━━━ Dataset records

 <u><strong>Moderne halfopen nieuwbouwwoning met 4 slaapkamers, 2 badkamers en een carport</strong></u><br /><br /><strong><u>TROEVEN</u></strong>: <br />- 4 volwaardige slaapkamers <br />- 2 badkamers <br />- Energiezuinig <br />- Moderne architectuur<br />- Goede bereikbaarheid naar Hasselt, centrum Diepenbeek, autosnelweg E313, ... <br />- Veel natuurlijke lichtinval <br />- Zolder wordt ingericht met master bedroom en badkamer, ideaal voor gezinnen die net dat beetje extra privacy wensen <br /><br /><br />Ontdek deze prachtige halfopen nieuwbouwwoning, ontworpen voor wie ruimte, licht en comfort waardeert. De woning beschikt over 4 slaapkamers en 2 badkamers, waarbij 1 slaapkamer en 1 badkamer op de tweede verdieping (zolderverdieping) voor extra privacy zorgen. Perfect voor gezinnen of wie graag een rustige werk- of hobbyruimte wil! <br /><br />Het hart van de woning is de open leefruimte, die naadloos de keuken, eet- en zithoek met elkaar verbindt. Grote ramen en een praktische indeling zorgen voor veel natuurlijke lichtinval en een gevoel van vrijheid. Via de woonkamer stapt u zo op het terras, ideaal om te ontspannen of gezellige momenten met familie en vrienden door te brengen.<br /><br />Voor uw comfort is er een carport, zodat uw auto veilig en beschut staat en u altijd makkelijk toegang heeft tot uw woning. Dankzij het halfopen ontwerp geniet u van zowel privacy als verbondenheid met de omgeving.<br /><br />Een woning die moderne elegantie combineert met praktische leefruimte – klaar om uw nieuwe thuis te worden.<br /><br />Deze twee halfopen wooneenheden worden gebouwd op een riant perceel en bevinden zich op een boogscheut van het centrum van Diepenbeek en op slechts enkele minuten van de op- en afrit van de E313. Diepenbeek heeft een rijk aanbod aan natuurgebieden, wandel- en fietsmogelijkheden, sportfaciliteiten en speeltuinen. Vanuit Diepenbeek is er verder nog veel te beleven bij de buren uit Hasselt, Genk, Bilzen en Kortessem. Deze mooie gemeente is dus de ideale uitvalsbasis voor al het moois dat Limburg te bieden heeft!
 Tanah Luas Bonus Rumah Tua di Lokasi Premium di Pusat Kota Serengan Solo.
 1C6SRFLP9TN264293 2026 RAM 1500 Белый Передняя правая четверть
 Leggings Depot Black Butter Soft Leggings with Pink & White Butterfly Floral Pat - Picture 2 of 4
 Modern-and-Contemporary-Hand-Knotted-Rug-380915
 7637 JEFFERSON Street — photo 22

━━━━━━

**What you will do:** Output nothing but the lines from the one with "Modern-and-Contemporary-Hand-Knotted-Rug-380915" through the last line above, each exactly as it stands.

**Written response:**
 Modern-and-Contemporary-Hand-Knotted-Rug-380915
 7637 JEFFERSON Street — photo 22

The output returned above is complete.